Crítica | A Mão de Deus

de maradona a Fellini

Paolo Sorrentino cria um filme sobre recordações e inspirações


Na introdução de A Mão de Deus, julguei que Paolo Sorrentino contava uma mentira. Maradona, o maior jogador de futebol de todos os tempos, o diretor escreve antes de iniciar o filme.

Mas nas duas horas subsequentes, a frase não apenas ganha contexto, mas se torna incontestável. Para Sorrentino, vivendo em Nápoles na época mais difícil da vida (o fim da adolescência), no momento em que o clube estava prestes a anunciar a contratação do Argentino, não há outro jogador… ou melhor, ser humano, que se iguale ao que foi Maradona - nem mesmo sua musa, em uma cena hilária e comovente ao mesmo tempo.

E essa relação entre esporte, vida e arte é o que rege A Mão de Deus, um filme que tem em seu nome também a conotação de que talvez haja alguém por trás de tudo. Afinal, não há roteiro de Cinema, seja ele de Buñuel ou Fellini, que se aproxime da insanidade que foi o jogo em questão, quando Maradona “humilhou” a Inglaterra em uma partida que representa, além de um conflito político, a genialidade e a personalidade do ídolo. Um gol de mão, a malandragem sul-americana em um roubo ao melhor estilo Inglês Colonizador, passando impune e com reverencias (o tio dizendo que foi um ato político é algo).

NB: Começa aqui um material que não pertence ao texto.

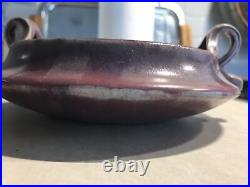 Fulper 2 Handled Flambé Low Bowl, Purple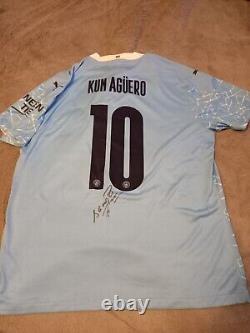 Manchester City Number 10 Home Man City Shirt Signed Sergio Kun Aguero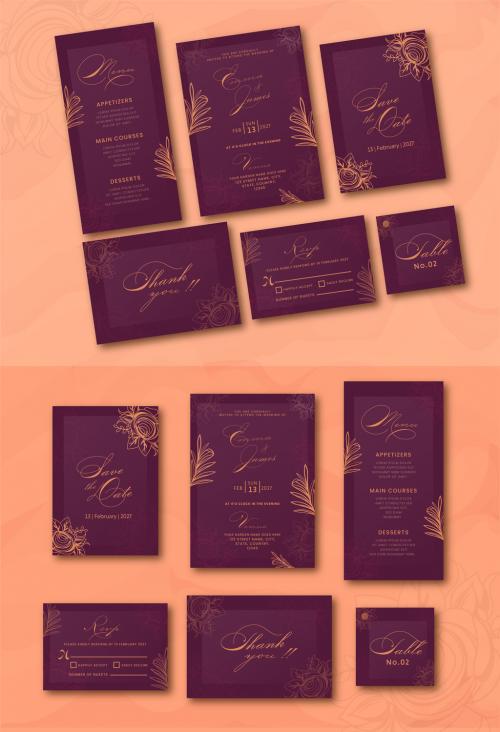 Golden Floral Wedding Card Stationery or Invitation Card Layout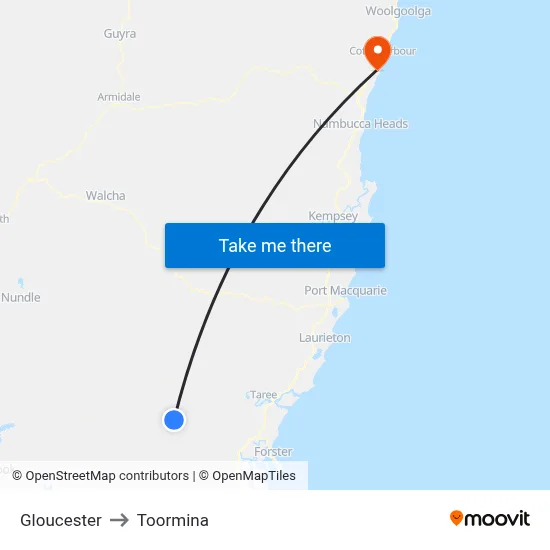 Gloucester to Toormina map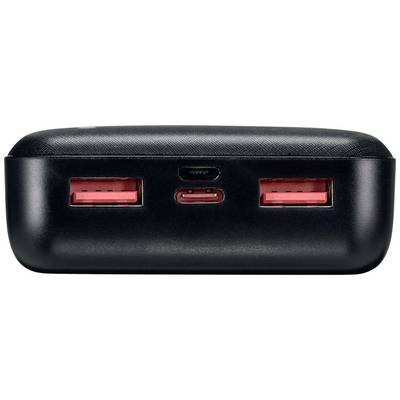 Čierna powerbanka s dvoma USB-A portami a jedným USB-C portom na prednej strane.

O outro uma pintura (só) com os pés que faria Picasso e Pelé pensarem se não haviam sido superados.

Assim seria fácil dizer que é um filme sobre mitos, sobre o poder inigualável do esporte e da arte em mover pessoa e pessoas, de inspirar e de unir. Na verdade, até acho que Sorrentino teria um filme ainda melhor se abusasse mais dessas relações. No fim, não há qualquer catarse que se aproxime do que o lance que dá nome ao filme merece, e ao contrastar e correlacionar uma série de sub-tramas, o diretor mira em Fellini, mas o faz sem a graça da maturidade que aquele tinha. Em um filme adolescente, esse misto de emoções e jornadas acaba soando só bem aborrecido, no que em 81/2 ou A Doce Vida beijava o existencialista e dormia com o reflexivo.

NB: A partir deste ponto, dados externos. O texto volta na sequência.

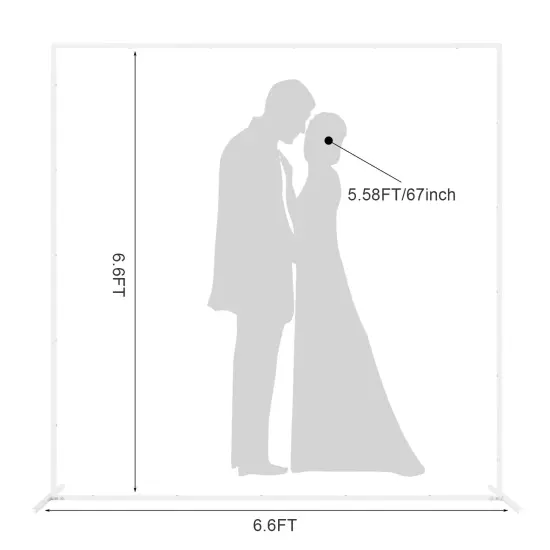 6.6FT Metal Square Backdrop Stand &ndash; Heavy Duty Balloon Arch Kit for Weddings, Parties, Photo Booth Decor (Indoor/Outdoor, Reusable, Detachable) White {2}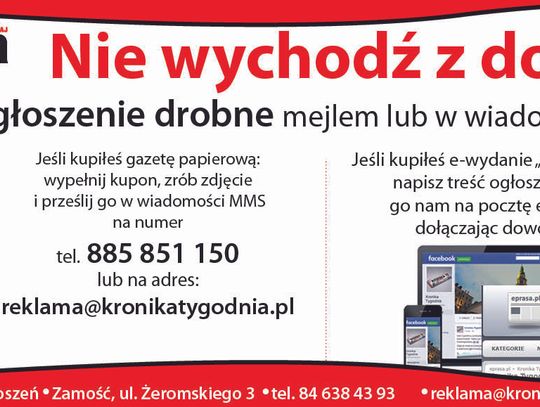 Chcesz nadać ogłoszenie? Nie musisz wychodzić z domu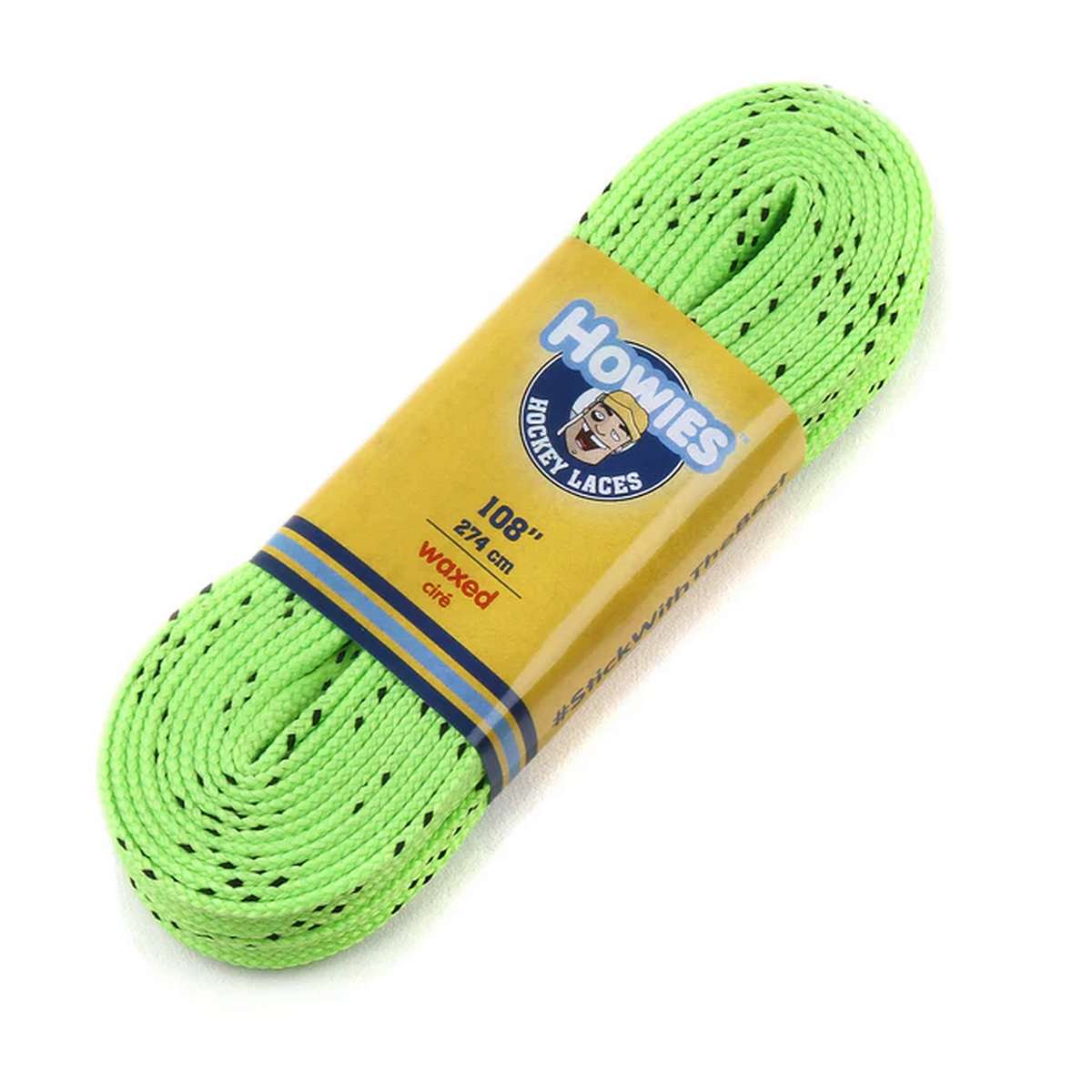 Hokejové šnúrky Howies voskované svetlo-zelené Farba: Neon, Dĺžka: 243 cm / 96"
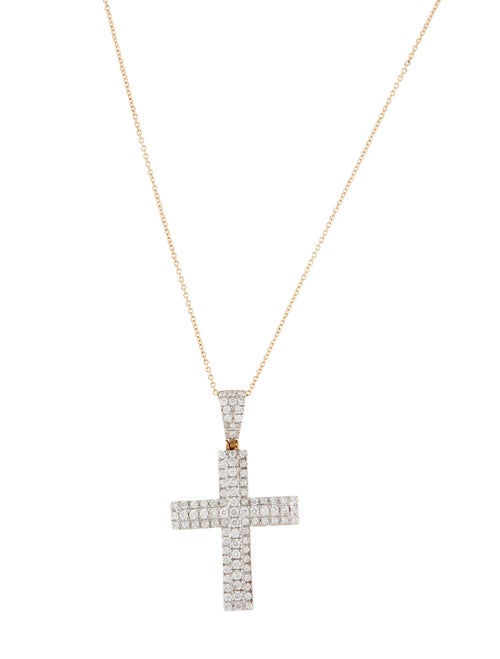 Necklace 14K Diamond Cross Pendant Necklace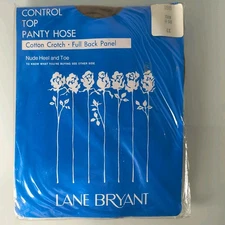 Vtg Lane Bryant Sz 4X Control Top Panty Hose Tan Nude Heel & Toe Nylon NOS New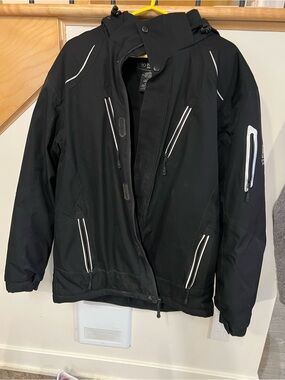Men's Black Waterproof Ski & Snowboard Jacket with White Trim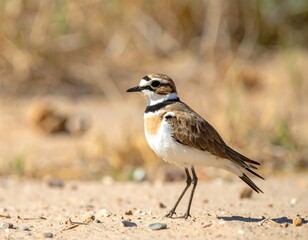 Little Ringed Plover bird standing elegantly on sandy ground in natural habitat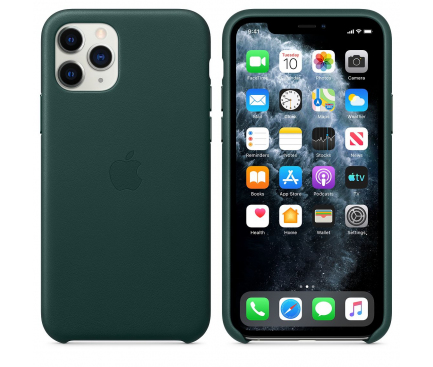 Husa Piele Apple iPhone 11 Pro, Verde, Blister MWYC2ZM/A 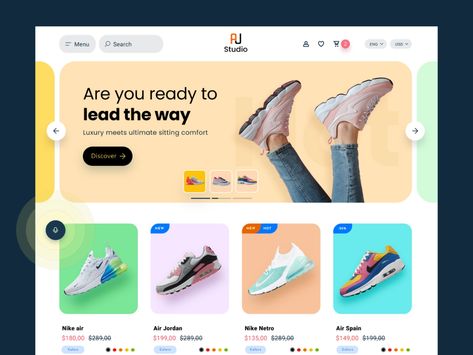 Ecommerce Ui Design, Online Store Design, Website Design Inspiration Layout, Uiux Design, Store Concept, Shoe Websites, Email Template Design, Ecommerce Web Design, App Interface Design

UMA AUTO-BIOGRAFIA DE SENSAÇÕES

Apesar de não ser sequer vendido com a biografia do cineasta, fica bem claro que é tudo sobre ele. Tanto por questões geográficas (o período e a cidade) como situacionais (a morte dos pais). O que torna o filme uma experiência mais do que curiosa: é como uma cinebiografia (ala Oscar, mas) composta por fragmentos e sensações, mais preocupada em emular a dinâmica de uma família tão característica que beira o estereótipo (digo isso como elogio), do que oferecer batidas óbvias na história que sugiram o amadurecimento de seu protagonista. É menos a viagem na lancha (essa que homenageia as comédias clássicas do país), e mais o barulho que a lancha faz. São as pequenas coisas, a imagem de uma tia nua sob o sol, a viagem de motocicleta até a casa da tal tia no meio da noite, um jogo qualquer do Napoli.

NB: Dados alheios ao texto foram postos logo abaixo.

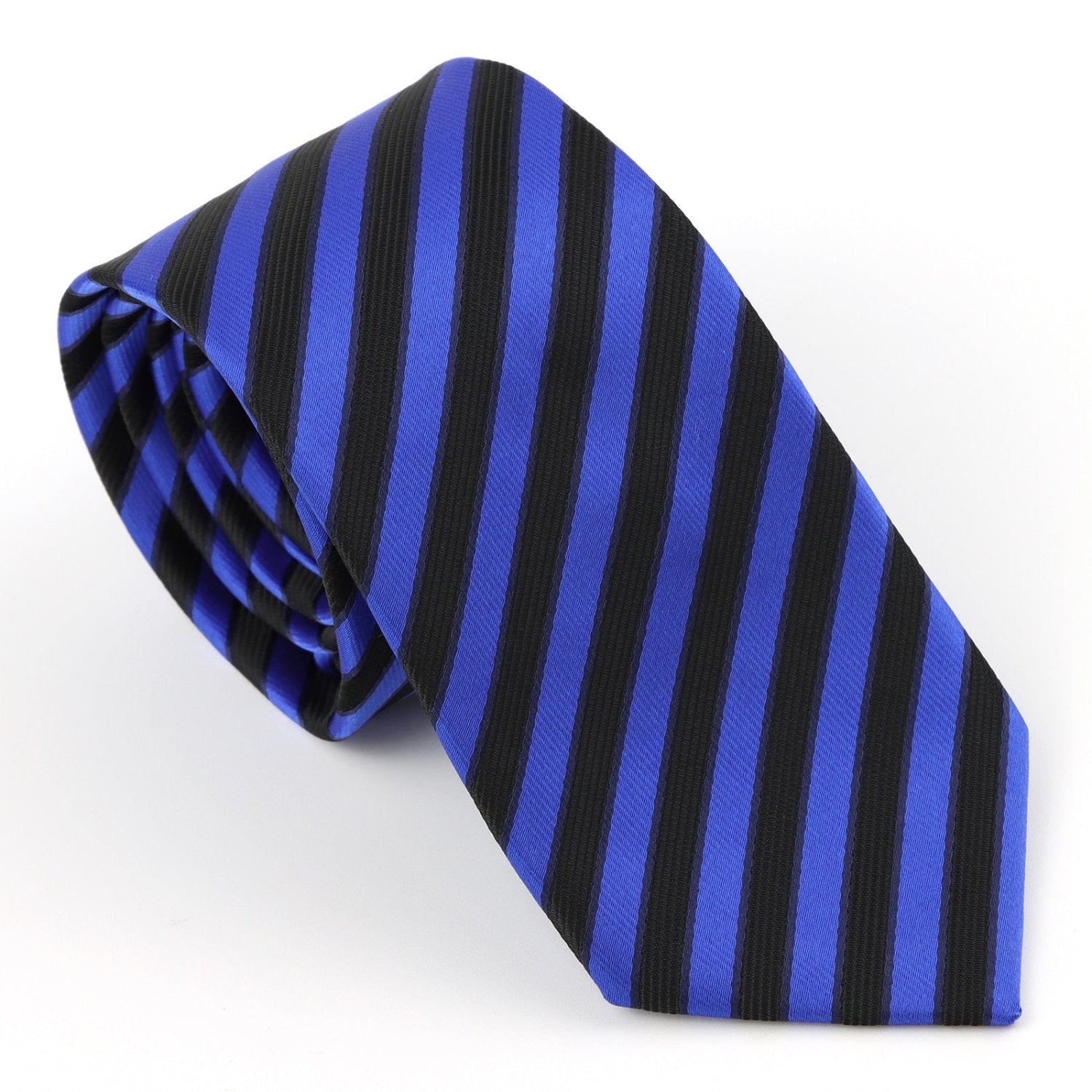 Blue and Black Striped Necktie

Nesse sentido, me lembrou bastante Dor e Glória de Almodovar, em como consegue amar seu próprio passado, mas o faz com uma ternura e inocência que impedem a coisa de se tornar pedante.

Algo que as cenas mais trágicas quase corrompem. Pelo menos pra mim, o filme funciona melhor nos momentos de desprendimento, nas abstrações geralmente iluminadas por luzes quentes, e menos na sobriedade das tragédias inevitáveis. O que faz com que o diálogo com o diretor ao final se torne quase uma auto-ironia e um tiro no pé: ele parece questionar não apenas a capacidade de Sorrentino (nem sei qual o nome que deram pro personagem) de sofrer, mas do próprio filme em nos fazer sentir esse sofrimento.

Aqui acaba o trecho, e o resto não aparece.